Il obtient tous les pouvoirs, politiques et militaires. En décembre 1950, à Hanoï, il s’adresse ainsi aux officiers : L’ère des flottements est résolue. Désormais ne cèderons plus un pouce de terrain. Fin janvier 1941, le Vietminh attaque près d’Hanoï. Après de durs combats, c’est la victoire de Vin Yen. La confiance revient. De Lattre impose ses vues : Des groupes mobiles aux interventions rapides, des partisans composés de minorités ethniques, des fortifications dans le delta tonkinois, des forces maritimes et aériennes renforcées mais aussi des antennes chirurgicales sur les théâtres d’opérations. Mais face à l’armée de Giap, les effectifs des forces de l’Union française restent insuffisants. Le corps expéditionnaire comprend environ 140 000 hommes, métropolitains, légionnaires, soldats d’Afrique indochinois. Le Jaunissement du corps expéditionnaire et le développement de l’Armée nationale vietnamienne sont une priorité pour de Lattre. L’Armée de Bao Dai, chef de l’État du Viêtnam, voit ses effectifs doublé pour atteindre 130 000 hommes fin 1951. En juillet à Saïgon, il s’adresse aux lycéens : Il faut choisir. C’est la guerre, Soyez des hommes, c’est-à-dire : Si vous êtes des communistes, rejoignez le Vietminh; il y a la bas des individus qui se battent bien pour une cause mauvaise, Mais si vous êtes des patriotes, combattez pour votre patrie, car cette guerre est la vôtre. Mais les défaits politiques sont aussi extérieurs. En septembre, le général de Lattre se rend aux États-Unis et rappelle les objectifs de l’aide militaire de la France aux nouveaux États indochinois : assurer leur sécurité face à l’offensive communiste, tout en aidant à leur propre développement. Ce voyage est un succès. La contribution des États-Unis à l’effort de guerre en Indochine représente plus de 30% fin 1951. S’ensuivent des victoires éclatantes.
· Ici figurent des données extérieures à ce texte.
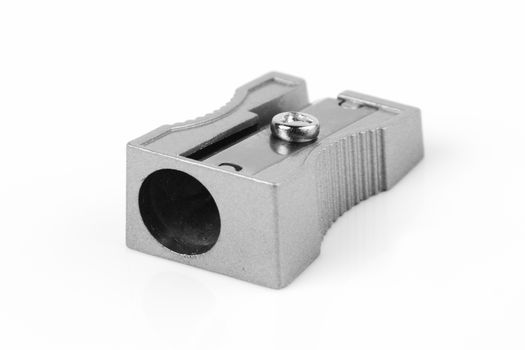 A pencil sharpener on white with shadow and selective focus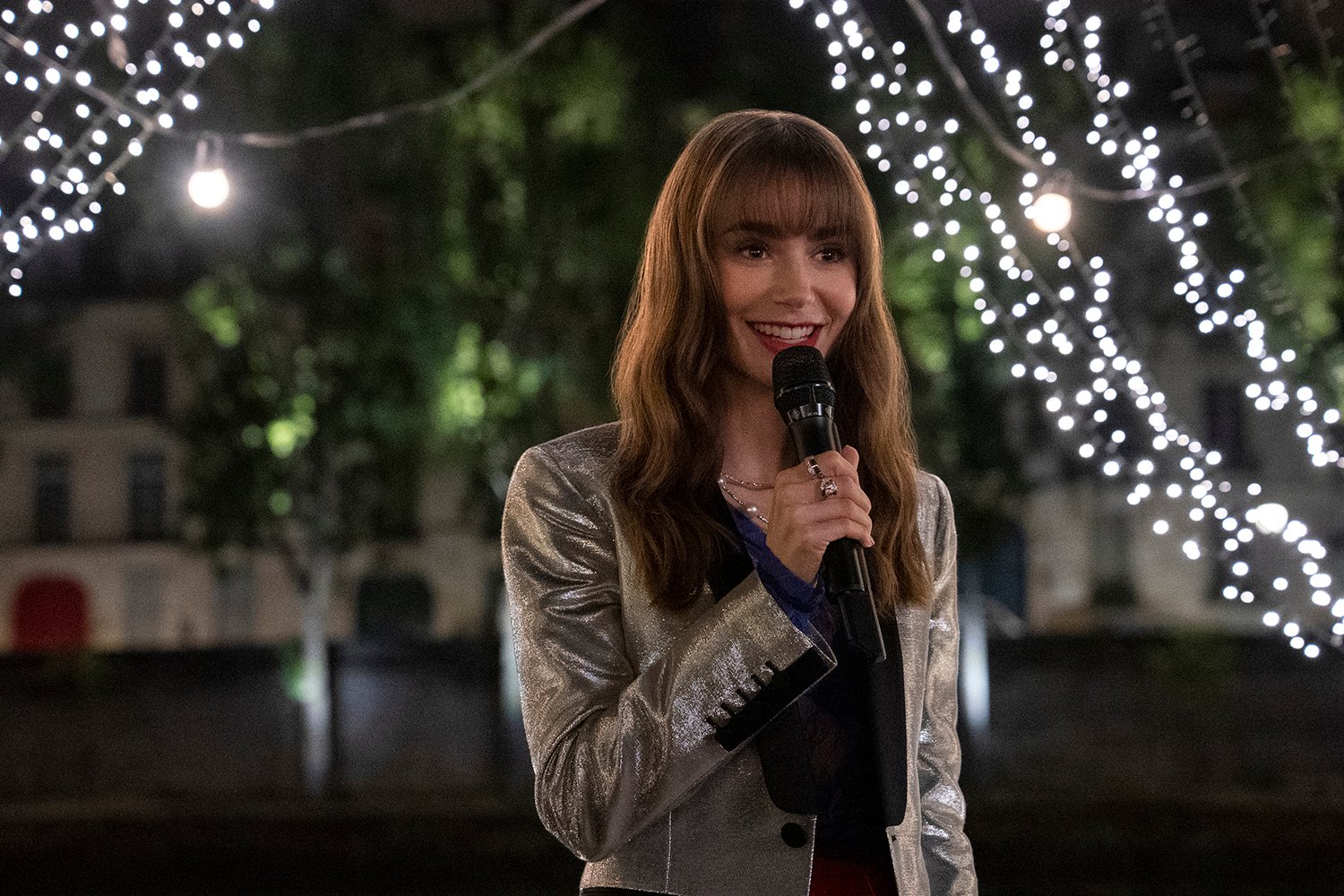 Lily Collins as Emily Cooper singing Alfie in Emily in Paris Season 3.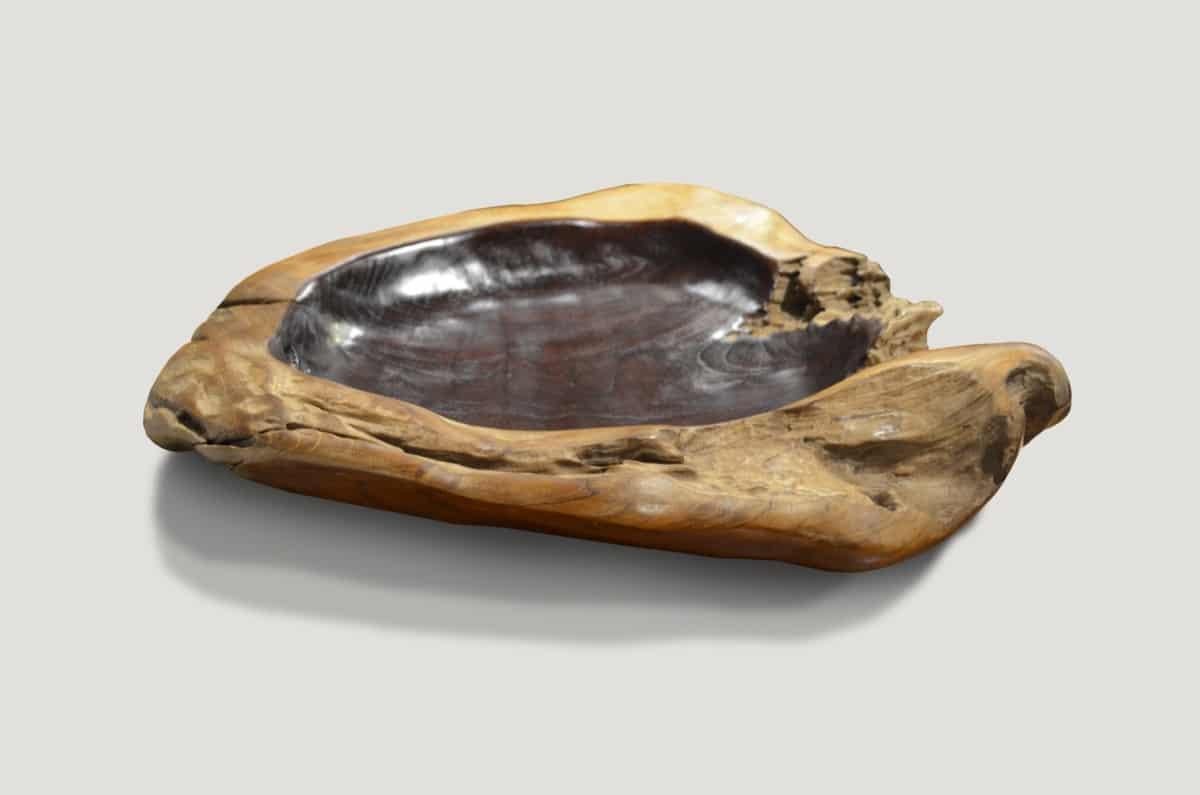 The organic teak wood vessel serves as a stunning sculptural piece and a practical addition to hold fruit, magazines, towels, etc. Carved from a single piece of reclaimed teak wood.

Andrianna Shamaris, Inc. The leader in modern organic design.
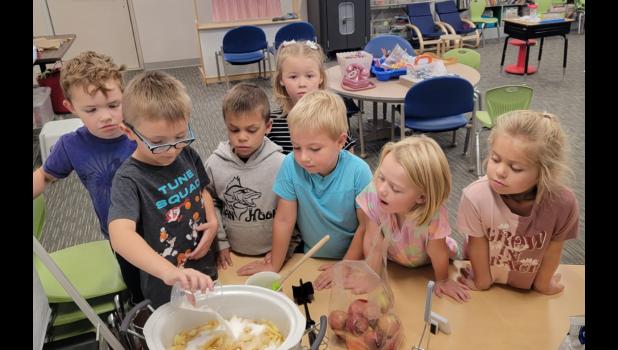 Brace Beer, Rhett Schmidt, Terek Keller, Krisee Veal, Evan Carmichael, Brooklyn Card, Teagan Keller making applesauce.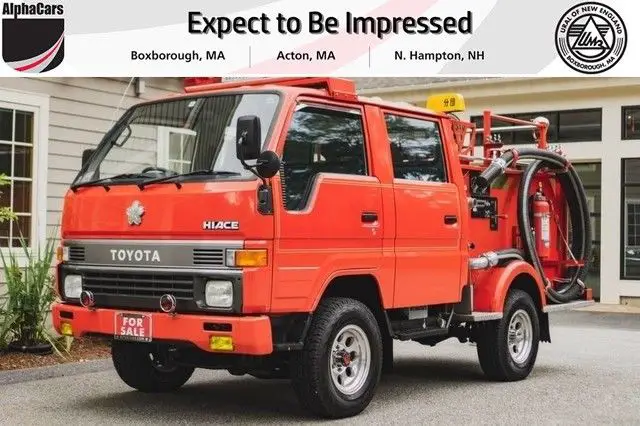 red toyota hiace at alphacars of acton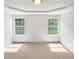Bright bedroom with large windows overlooking a well-manicured yard at 6560 Alford Way, Lithonia, GA 30058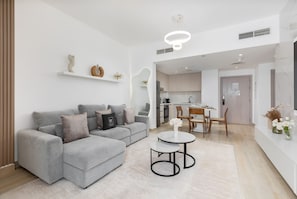Ein modernes Wohnzimmer mit einem grauen Ecksofa, einem runden Couchtisch und einem Essbereich mit einem Holztisch und Stühlen.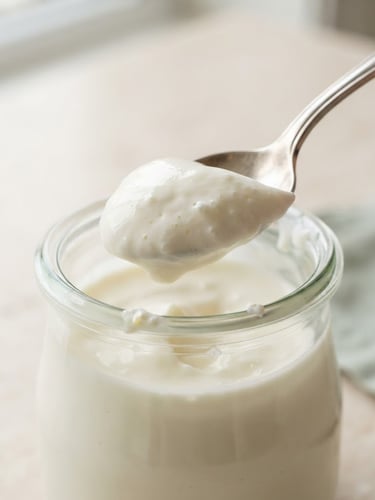 Macro close-up of thick, velvety yogurt on a silver spoon, elegant glass jar on a clean stone countertop, soft natural morning daylight, minimalist cream and sage tones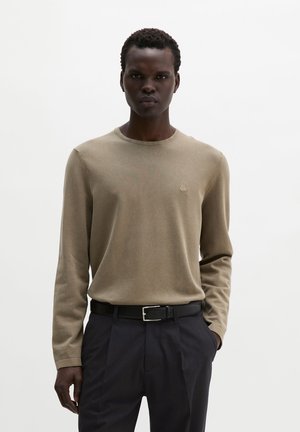 Mann trägt ein beiges Langarmhemd, in schwarze Hose mit schwarzem Gürtel gesteckt, und steht vor einem schlichten weißen Hintergrund.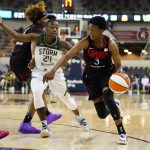 
              Indiana Fever guard Danielle Robinson (3) drives on Seattle Storm guard Jewell Loyd (24) in the second half of a WNBA basketball game in Indianapolis, Tuesday, July 5, 2022. The Storm defeated the Fever 95-73. (AP Photo/Michael Conroy)
            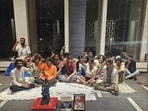 The students, who were protesting at the entrance of the campus, have shifted to a spot outside the director’s office
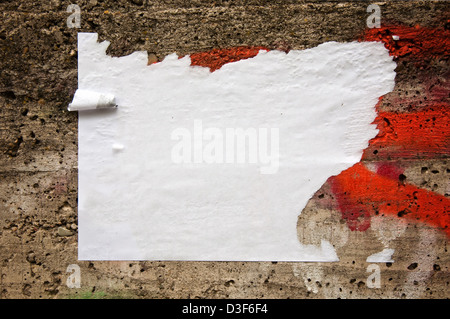 Blank torn paper poster on an old brick wall Stock Photo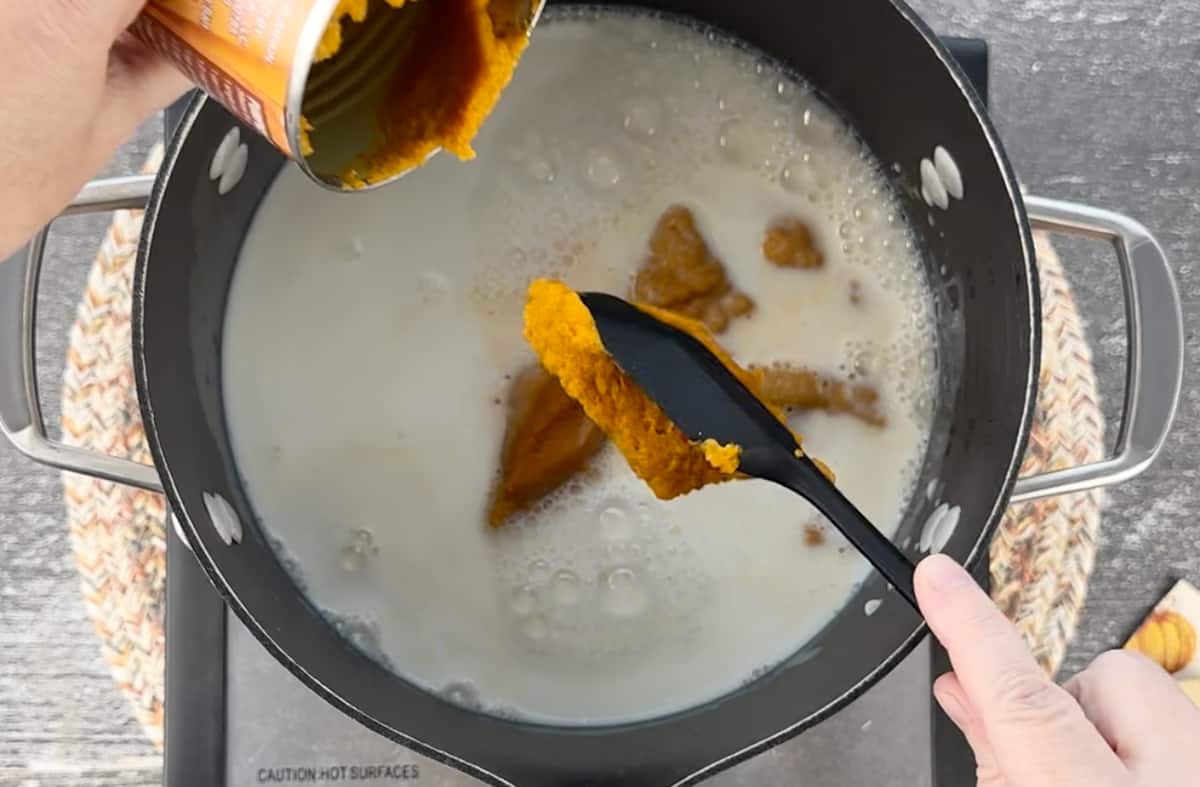 Adding pumpkin puree to a pot on the stove.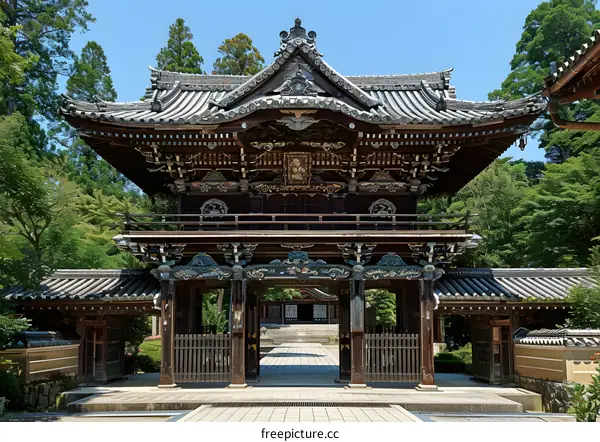 Traditional Japanese Temple Gate Architecture With Elaborate Carvings And Decorations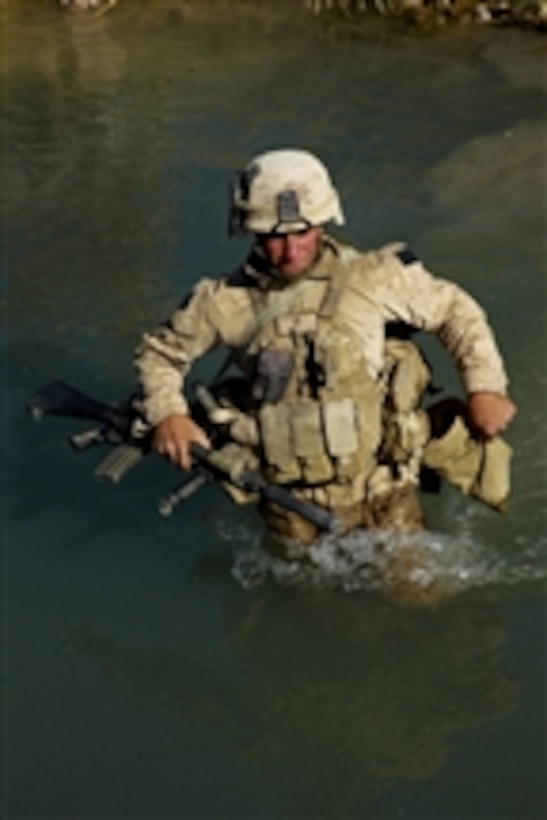 U.S. Marine Corps Lance Cpl. Michael Fort, with Bravo Company, 1st Battalion, 5th Marine Regiment, crosses a stream during a security patrol through the Nawa district of Helmand province, Afghanistan, on Oct. 20, 2009.  U.S. Marines conduct security patrols to decrease insurgent activity and gain the trust of the Afghan people.  The Marines are deployed with Regimental Combat Team 3 to conduct counterinsurgency operations in partnership with Afghan National Security Forces in southern Afghanistan.  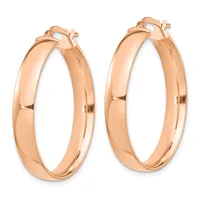 A pair of polished rose gold hoop earrings with a chunky, curved rectangular profile and clip-back closures, shown from the front.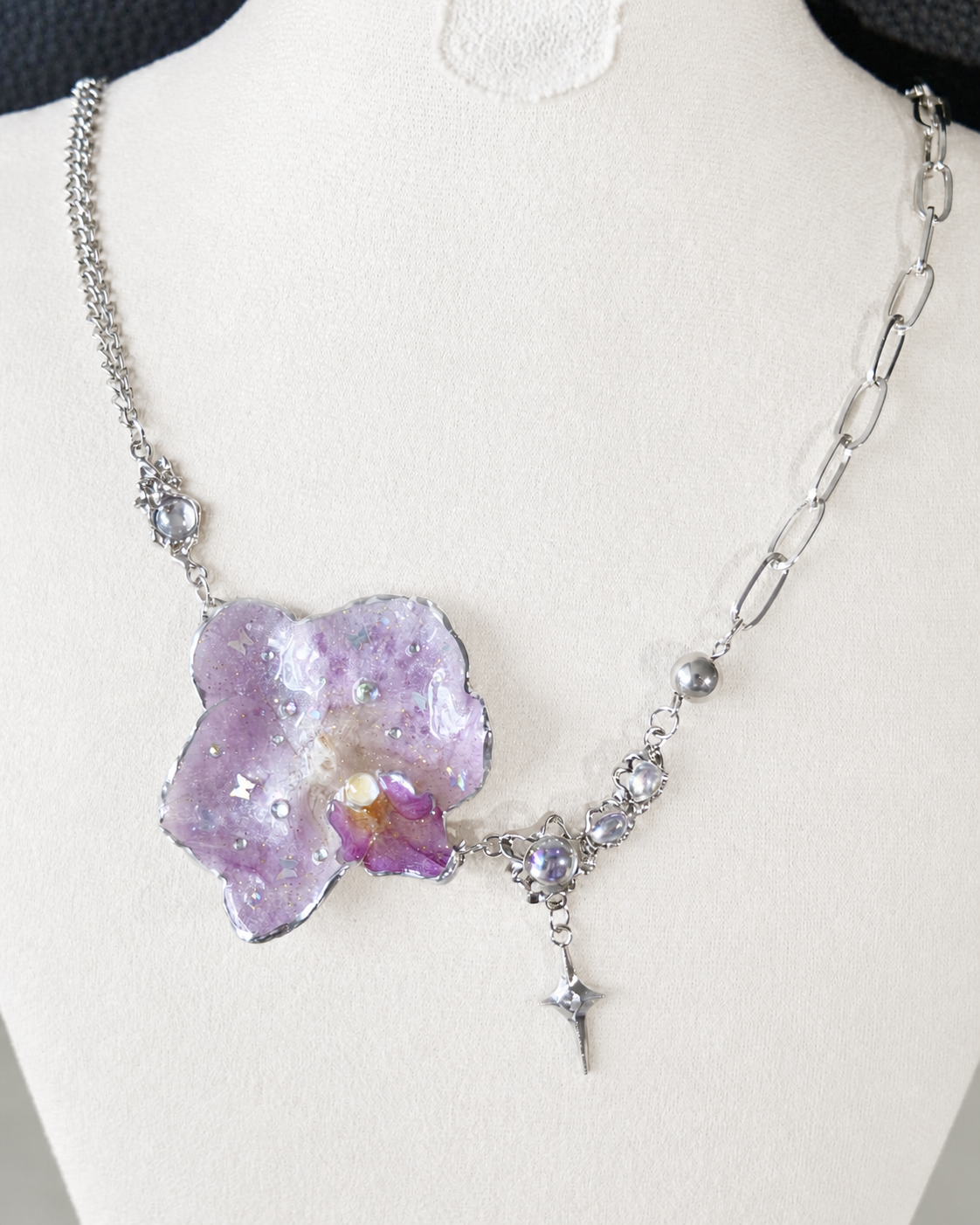 Full display view showing mixed silver-toned chains and the star-shaped drop, Lilac Phalaenopsis Moonstone-Style Star-Drop Necklace botanical jewellery by Terra Decode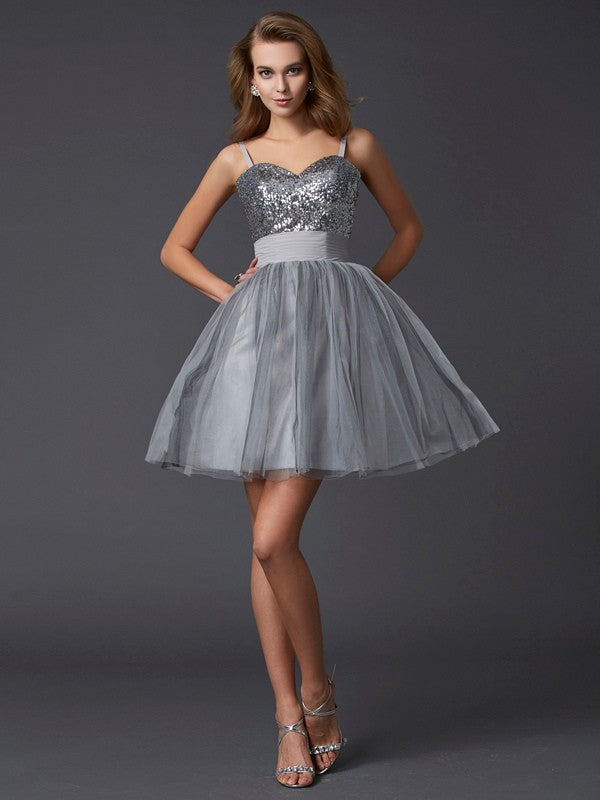 Front view of an A-Line Princess short organza homecoming dress with spaghetti straps.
À Nghia Lo, le général Salan écarte la menace du Vietminh sur le pays Thaï, par une manœuvre qui force Giap à se replier dans le Haut Tonkin et en Chine.
En novembre c’est la libération du pays Muong et la prise D’Hoa Ninh. Cependant le général de Lattre, gravement malade et très affecté par la mort au combat de son fils unique doit quitter l’Indochine. À Noël, il adresse à ses soldats : C’est à vous d’abord, mes soldats que j’envoie mes souhaits pleins d’affection, et l’expression de ma gratitude, de mon admiration et de ma confiance. Par votre héroïsme quotidien, vous avez fait de 1951 la grande année du redressement. Jean de Lattre de Tassigny est resté moins d’un an en Indochine. Il a donné tout son sens à sa devise Ne pas subir, en affirmant que la France ne cherchait pas à restaurer sa souveraineté, mais combattait pour protéger le Viêtnam, le Laos et le Cambodge. Le 11 janvier 1952, le général meurt à paris, à l’âge de 62 ans. Des funérailles nationales sont organisées et il est élevé, à titre posthume, à la dignité de maréchal de France. Si la mort n’avait pas interrompu son action, l’issue de la guerre aurait-elle été différente. On peut en douter. L’aide de la Chine renforçait un Vietminh déterminé à prendre le pouvoir à n’importe quel prix. Il n’en demeure pas moins que le général de Lattre a montré, en Indochine, une stature exceptionnelle de grand chef militaire.